The people are frightened of these strangers at first, but eventually they teach Belle & Lithan about the pleasures of life ("What's that?" "It's water. I saw it in my father's mineral collection"). Having discovered the joys of food, wine, and love will cause Belle & Lithan to forfeit their "galactic immortality," but apparently it's worth it.
We (the audience) discover that this primitive planet is a post-nuclear-holocaust Earth (and may I say, for the record, that post-apocalyptic Earth has some weirdass dance routines). Unfortunately, Oraclon shows up and attacks the primitive people of Earth.
They do get away, and manage to defeat Oraclon via a method so ingenious that it goes all the way around the bend to "incredibly stupid." I would describe it for you, but I don't really understand what was supposed to have happened. I guess water & food & wine & love gives you magic eyebeams, or something.
What do you expect when the film is written by John Thomas?
- "Wanna Run That By Me Again?"
0 to 180 (degrees) in 2 sentences flat!
Oraclon and his men have found where Belle & Lithan are hiding. The leader of the tribe implores them to leave. "You must leave!" he says. "Okay," Belle says. "We'll lead our enemies away from here." Then the tribe's leader seems to have a completely-random change of heart. "No!" he says. "You must stay! To protect us from your enemies!" He points at Belle & Lithan. "Tie them up!" Make up your mind!
- Worst Science
If only the whole film had an Omega Unit.
Count Oraclon's evil forces have damaged the escaping spaceship, which thankfully triggered their Omega unit. Their Omega unit renders them invisible while they are careening out-of-control through space. Huzzah! This means that Oraclon's cosmic scanning rays can no longer pick them up. Oraclon orders his flunky to scan the whole Eastern Galaxy ... including the Equidistant Conic Tangents!
- Best One-Liner
I'll be over here, behind a tree....
The leader of the primitive people is trying to assuage their fears of the new arrivals. "You have no reason to be afraid," he says. "Now go hide among the rocks."
- Worst Cover Copy
Starring in This Film ... Some Other Film! We Think.

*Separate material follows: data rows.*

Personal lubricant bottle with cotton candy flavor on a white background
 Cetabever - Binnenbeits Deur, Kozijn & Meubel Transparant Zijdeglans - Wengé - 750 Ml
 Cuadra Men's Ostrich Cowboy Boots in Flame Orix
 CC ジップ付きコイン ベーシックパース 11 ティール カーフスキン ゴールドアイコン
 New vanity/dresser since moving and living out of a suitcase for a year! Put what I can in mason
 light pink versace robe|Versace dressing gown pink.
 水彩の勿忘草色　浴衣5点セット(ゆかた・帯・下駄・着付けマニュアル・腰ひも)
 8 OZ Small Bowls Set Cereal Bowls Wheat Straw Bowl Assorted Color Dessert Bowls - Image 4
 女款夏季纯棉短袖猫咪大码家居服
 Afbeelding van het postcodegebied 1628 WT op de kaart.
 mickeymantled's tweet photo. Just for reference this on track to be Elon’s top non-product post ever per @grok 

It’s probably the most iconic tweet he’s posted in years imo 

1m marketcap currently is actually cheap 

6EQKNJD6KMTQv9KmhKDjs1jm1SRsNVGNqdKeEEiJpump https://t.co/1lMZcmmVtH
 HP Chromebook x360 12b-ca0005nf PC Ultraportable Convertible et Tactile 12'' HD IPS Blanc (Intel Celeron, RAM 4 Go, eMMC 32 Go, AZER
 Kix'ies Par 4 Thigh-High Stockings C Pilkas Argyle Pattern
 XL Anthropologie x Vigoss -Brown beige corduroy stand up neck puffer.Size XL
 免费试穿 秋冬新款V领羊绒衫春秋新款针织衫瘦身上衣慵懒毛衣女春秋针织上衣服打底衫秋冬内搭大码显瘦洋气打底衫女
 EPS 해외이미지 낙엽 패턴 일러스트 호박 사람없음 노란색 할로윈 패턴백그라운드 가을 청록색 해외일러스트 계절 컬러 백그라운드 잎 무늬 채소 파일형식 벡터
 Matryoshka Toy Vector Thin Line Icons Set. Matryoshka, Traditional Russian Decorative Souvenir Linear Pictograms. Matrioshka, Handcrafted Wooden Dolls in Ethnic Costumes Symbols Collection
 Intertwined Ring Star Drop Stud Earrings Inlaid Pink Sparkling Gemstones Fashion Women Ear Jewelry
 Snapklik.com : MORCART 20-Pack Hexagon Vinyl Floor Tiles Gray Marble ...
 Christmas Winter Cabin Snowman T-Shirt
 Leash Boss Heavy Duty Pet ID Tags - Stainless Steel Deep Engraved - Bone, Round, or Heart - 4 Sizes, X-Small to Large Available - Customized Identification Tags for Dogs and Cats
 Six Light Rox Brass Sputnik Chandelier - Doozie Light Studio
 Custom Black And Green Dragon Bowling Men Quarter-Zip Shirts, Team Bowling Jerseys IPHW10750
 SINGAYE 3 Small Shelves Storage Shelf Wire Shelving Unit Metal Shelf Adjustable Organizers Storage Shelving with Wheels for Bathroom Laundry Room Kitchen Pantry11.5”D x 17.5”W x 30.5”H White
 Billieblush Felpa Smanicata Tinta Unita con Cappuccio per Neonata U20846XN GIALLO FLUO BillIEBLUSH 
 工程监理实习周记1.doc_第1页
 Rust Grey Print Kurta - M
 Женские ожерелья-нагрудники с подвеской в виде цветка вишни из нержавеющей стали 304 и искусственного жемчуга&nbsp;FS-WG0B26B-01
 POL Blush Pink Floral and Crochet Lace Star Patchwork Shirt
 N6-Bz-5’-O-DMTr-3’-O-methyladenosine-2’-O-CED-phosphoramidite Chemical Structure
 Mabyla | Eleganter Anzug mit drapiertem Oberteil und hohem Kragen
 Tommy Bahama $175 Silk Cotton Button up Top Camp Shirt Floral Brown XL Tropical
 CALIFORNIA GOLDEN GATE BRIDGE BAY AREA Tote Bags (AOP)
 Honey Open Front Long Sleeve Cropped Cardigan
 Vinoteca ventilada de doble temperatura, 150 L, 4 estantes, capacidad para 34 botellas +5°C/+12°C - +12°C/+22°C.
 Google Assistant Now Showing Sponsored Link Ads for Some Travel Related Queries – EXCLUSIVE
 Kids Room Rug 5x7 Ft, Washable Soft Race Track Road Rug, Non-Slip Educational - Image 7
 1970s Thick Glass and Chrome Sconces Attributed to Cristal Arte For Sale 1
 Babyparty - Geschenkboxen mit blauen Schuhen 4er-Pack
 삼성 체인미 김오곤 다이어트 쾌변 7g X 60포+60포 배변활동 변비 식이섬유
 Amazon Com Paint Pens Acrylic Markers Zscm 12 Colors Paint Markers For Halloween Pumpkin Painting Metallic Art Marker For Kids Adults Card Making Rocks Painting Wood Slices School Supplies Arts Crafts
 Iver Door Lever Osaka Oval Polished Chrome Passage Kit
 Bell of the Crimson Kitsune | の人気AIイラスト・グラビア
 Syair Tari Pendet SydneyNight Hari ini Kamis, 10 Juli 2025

So many things to discuss on this one. Let's start with the front cover. The tagline reads "WITH THE SAME ACTION-PACKED, INTERGALACTIC PUNCH AS DEF-CON AND 2001: A SPACE ODYSSEY!" First of all, I don't know of a movie called Def-Con. Def-Con 4 was set in Earth orbit. Even 2001 was barely intragalactic, much less intergalactic. Not to mention action-packed? 2001? On what planet? The drawing on the front is just bad (the guy's hands are either different sizes or incorrectly foreshortened -- and nobody wears outfits that look remotely like that). On to the back cover. The back cover isn't so much incorrect as it is ... vague. No pictures, just black text in a yellow circle on a purple background. "A high-tech adventure that follows a pair of Star Lovers in their quest for peace and happiness when the world around them has been thrown in turmoil! A faraway galaxy plagued by hostilities and evil rulers becomes a living nightmare for our heroes! Action, adventure and romance are the order of the day as the couple desperately try to escape the grasp of tyrannical rulers. A film that will keep you guessing to the stunning conclusion!" Yes ... but what actually happens in the movie? The box cover writers obviously don't know -- because they didn't watch it.
It take a village (to dance so badly).
Something's going on! Belle and Lithan are concerned. "Let's get back the village!" For what turns out to be a weird and funky interpretive dance thing. Why did none of the good choreographers survive the apocalypse? This is yet another cruel fate to bestow upon the ragged remnants of mankind....
- Worst Picture
"Touch of Love"? More like "Touch of Pain"!
As Lithan and Belle are in a spaceship escaping from Oraclon, they decide to explore this strange "love" thing that the primitives taught them. So they take their clothes off and get it on, accompanied back an overly-soaring song ("Touch of Love"). And then at the end, Oraclon catches up to them and peeps in on their fooling around.